For a puzzle with edge turning, though, calculating the cutting planes can become more difficult. Knowing that a solid and its dual have the same edge-turning cutting planes, aligning the two solids allows a third to be generated. The third solid is the convex hull of the first two solid’s vertices, and its faces are perpendicular to the cutting planes of either edge turning puzzle.

figure 5

For tetrahedrons, this is very simple; a regular tetrahedron is its own dual solid, and aligning them this way produces a cube. The cutting planes perpendicular to the faces of a tetrahedron (turning 120 degrees) and the cutting planes perpendicular to the faces of a cube (turning 180 degrees) represent the first set of symmetry groups that may be used together to produce puzzles.

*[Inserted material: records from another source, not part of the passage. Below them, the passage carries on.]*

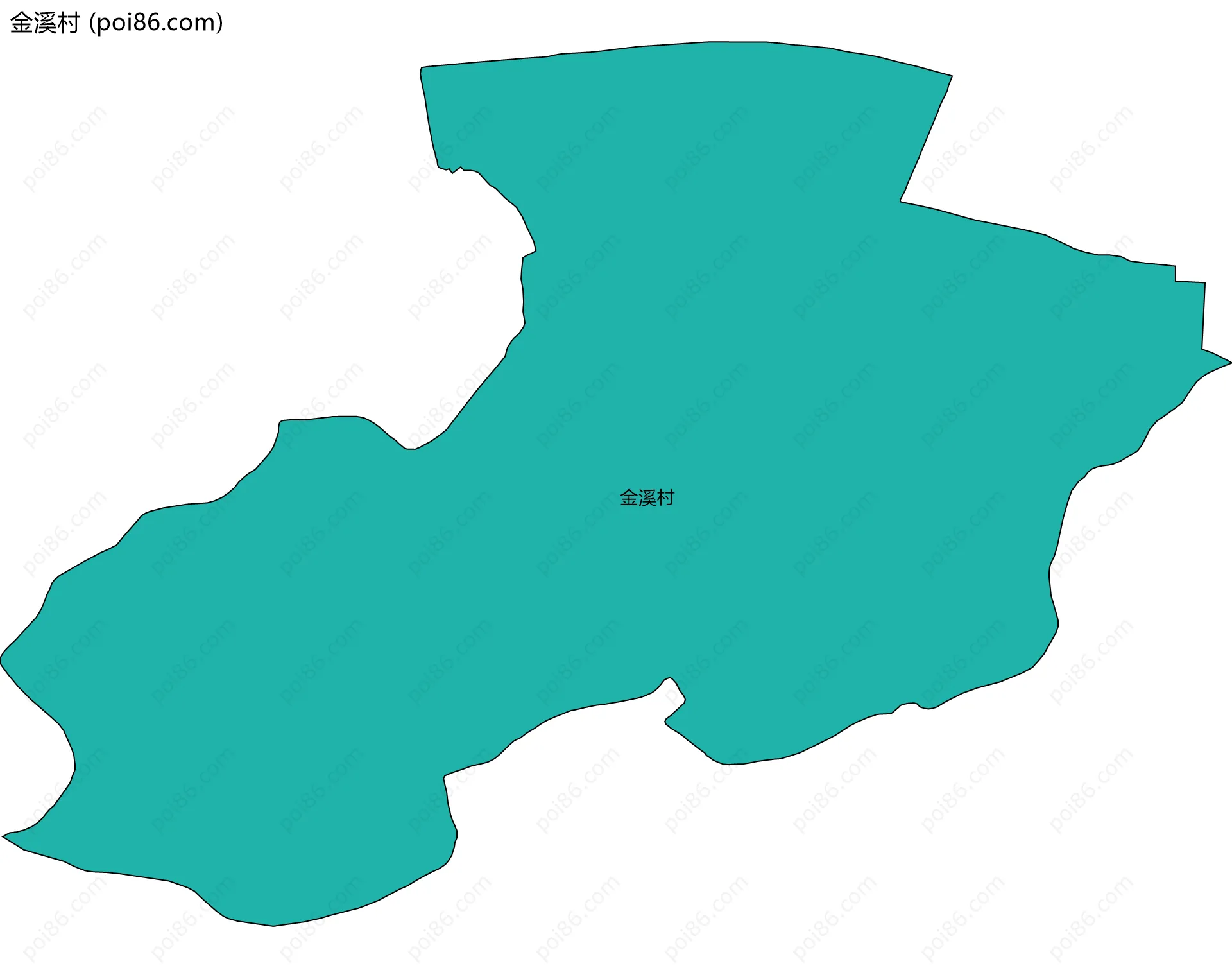 金溪村边界地图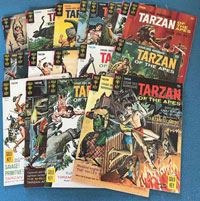 Collection of 19 Gold Key Tarzan comics at The Book Palace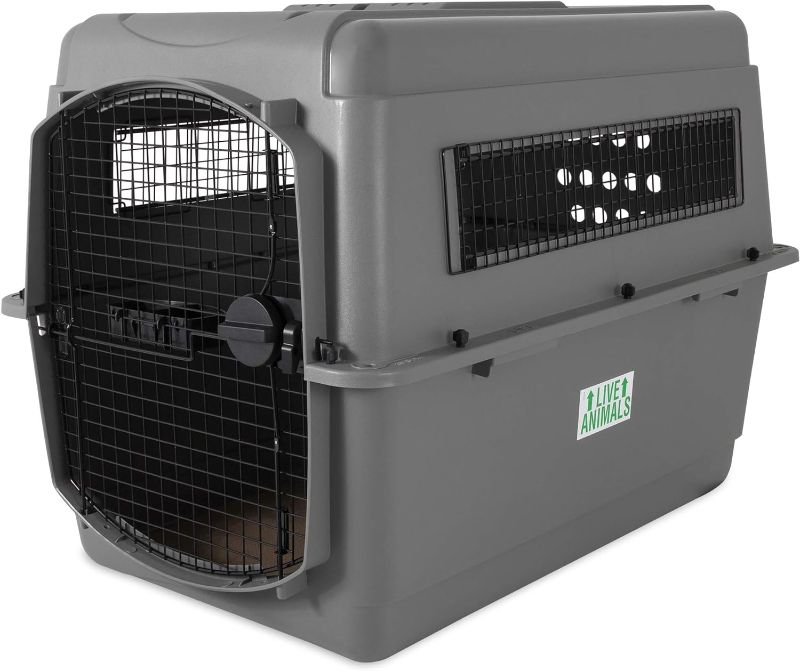 Photo 1 of ***THERE IS A CRACK ON THE FRONT****Petmate Sky Kennel, 40 Inch, IATA Compliant Dog Crate for Pets 70-90lbs, Made in USA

For cubes and octahedrons, the same process produces a different shape, the rhombic dodecahedron. The second set of symmetry groups consists of the cutting planes perpendicular to the faces of a cube (90 degree rotations), the faces of an octahedron (120 degree rotations), and the faces of a rhombic dodecahedron (180 degree rotations).

The final set of symmetry groups comes from the icosahedron (120 degree), dodecahedron (72 degree), and rhombic triacontahedron (180 degree) via the same process.